Tenía dos caminos: decirle que estaba engordando y provocar una crisis en su estado de ánimo, con periodos de melancolía y conductas acomplejadas, seguido por desesperados planes de dieta y footings matutinos de los que no podré escapar (además, al ser reconocida por mí, su gordura se convertirá en el referente de todas nuestras posibles discusiones: si un día no tengo ganas de salir y quiero que nos quedemos en casa, dirá que es porque tengo vergüenza de exhibirme con una ballena; si paso un sábado con los amigos, pensará que la estoy abandonando; si olvidé darle un beso de despedida, será porque que ya no la deseo como antes) o, podría mentir: decirle que está tan linda y delgada como siempre y que no haga caso a comentarios envidiosos y malintencionados. No había mucho que pensar. Escogí esto último mientras le estampaba un beso en la frente diciéndole que no se preocupara. Ella me miró algo escéptica, pero supongo que terminó creyéndolo, pues no volvimos a tocar el tema. Comimos, reímos y platicamos largamente. Había salvado la jornada.
Al menos eso fue lo que pensé hasta que, luego de pagar a la señora de las hamburguesas, le dije sin pensar: Vámonos, gorda, y de pronto se hizo la noche. Al darme cuenta de lo que dije, en un rápido gesto traté de demostrarle que lo hice a propósito para jugarle una broma, pero no era estúpida. Mientras me increpaba lo falso y mentiroso que había sido con ella, podía ver en sus ojos de fuego que estaba a punto de ser demolido por un huracán. Me habló de cuán importante era mi opinión para ella y de cómo había demostrado con mi actitud, que me tiene sin cuidado lo que le pase y que me vería a partir de ahora como alguien que es capaz de fingir una confianza que no posee. En todo el camino a su casa no me dirigió la palabra. El único gesto que recibí fue un portazo en la nariz mientras me despedía.

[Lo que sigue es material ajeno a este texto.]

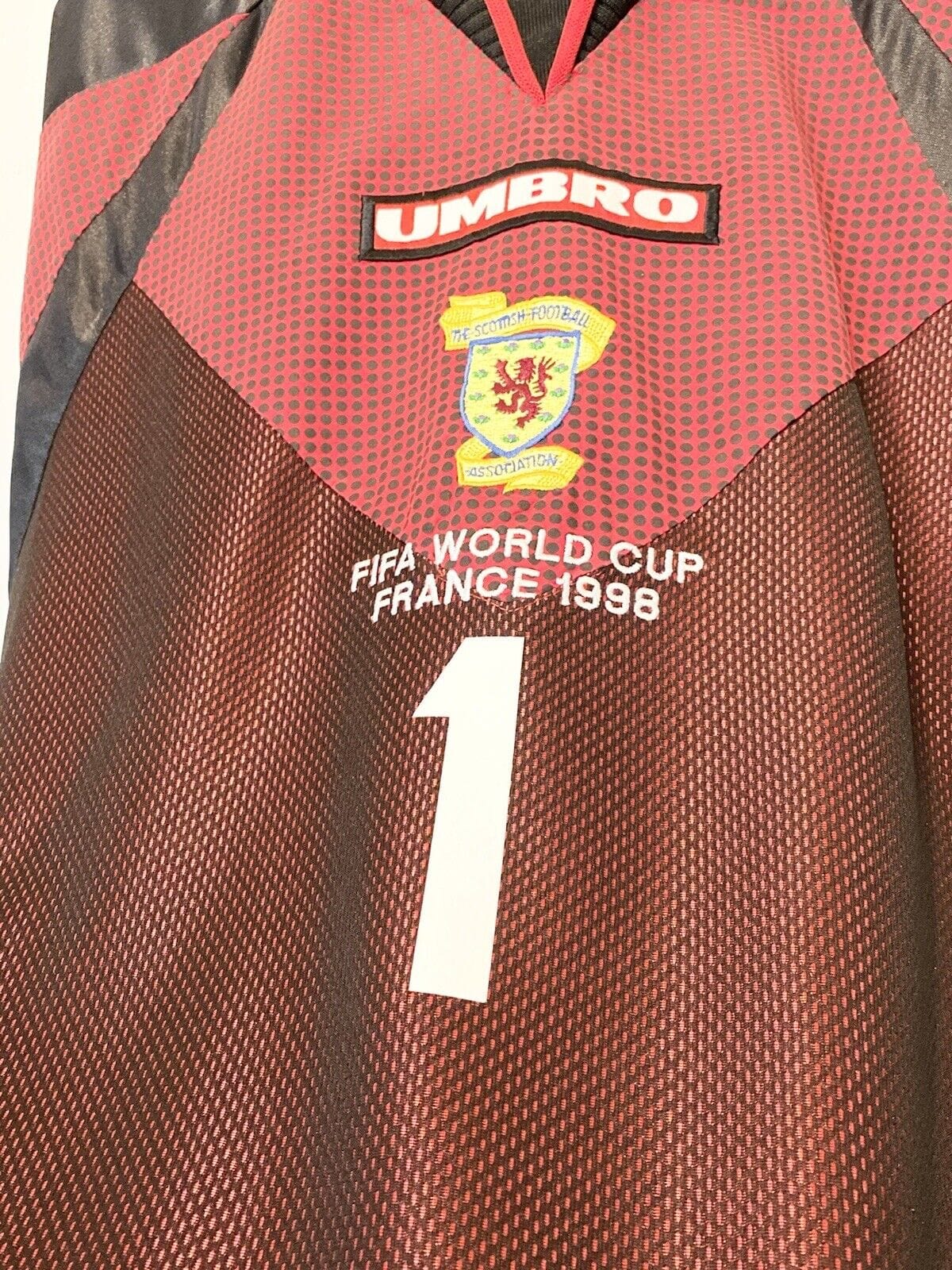 1998 LEIGHTON #1 Scotland World Cup 98 Vintage Umbro Home GK Football Shirt (M)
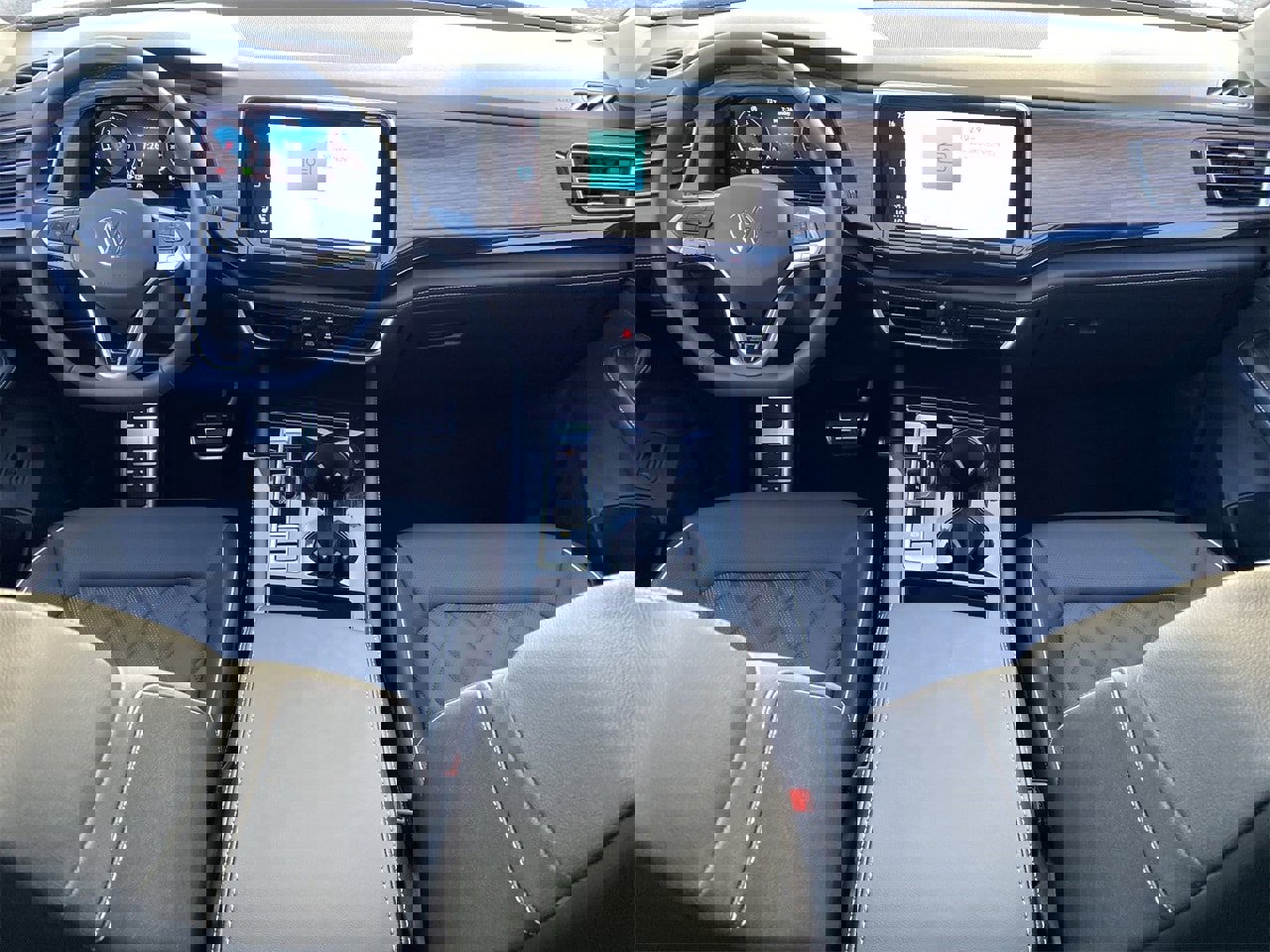 New 2026 Volkswagen Atlas SEL Premium R-Line image 11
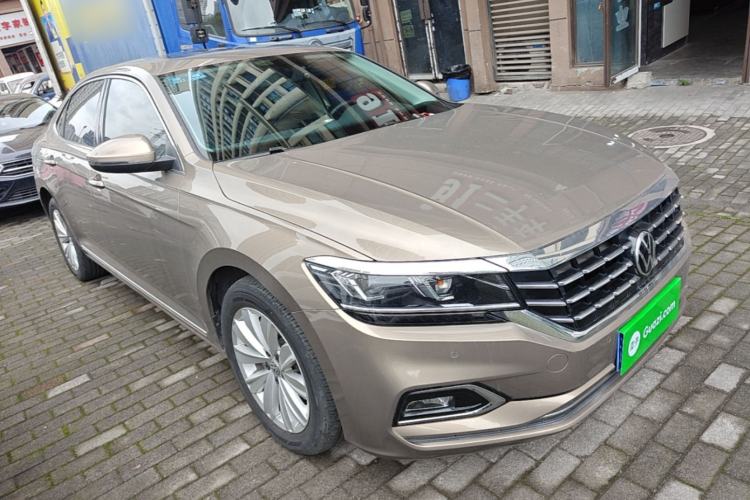 Used Volkswagen Passat 2019 330TSI Elite Edition China VI Front Right 45 Deg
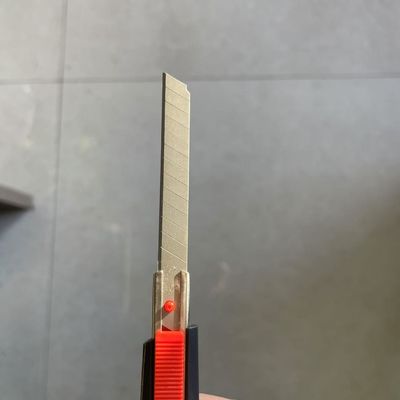 12枚刃 9mm カッター カーペットナイフブレード 厚さ0.35mm 60度 精密カット用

¿Por qué le molesta tanto engordar un poco? ¿Por qué a todas les molesta engordar un poco? Al fin y al cabo, ¡bienvenida la gordura femenina! Ellas tienen la tendencia a engordar porque sus cuerpos están diseñados para procrear y amamantar. Y sin embargo exigimos que cada día estén más flacas. La palabra “flaca”, de ser un insulto, ha pasado a ser un requiebro. Desde pequeñas las acomplejamos: cuando son niñas anhelan ser como las Barbies anoréxicas que les compramos, y les prohibimos comer más dulces que sus hermanos. Al llegar a la adolescencia, la ropa de los varones continúa siendo cómoda y holgada, pero en las mujeres se torna ajustada: blusas, jeans, tops, shorts, chavos, parecen estar diseñados para dibujar su silueta, de manera que cualquier rollo delator sea puesto en evidencia. Ya para cuando tienen veintiún años, las telenovelas, los catálogos, la publicidad, los comentarios de sus amigas y de mamá le han enseñado que no hay nada más femenino que la delgadez. A una gordita adolescente difícilmente podrán verla como mujer. Tal vez nos parezca tierna, pero un cachorro también lo es.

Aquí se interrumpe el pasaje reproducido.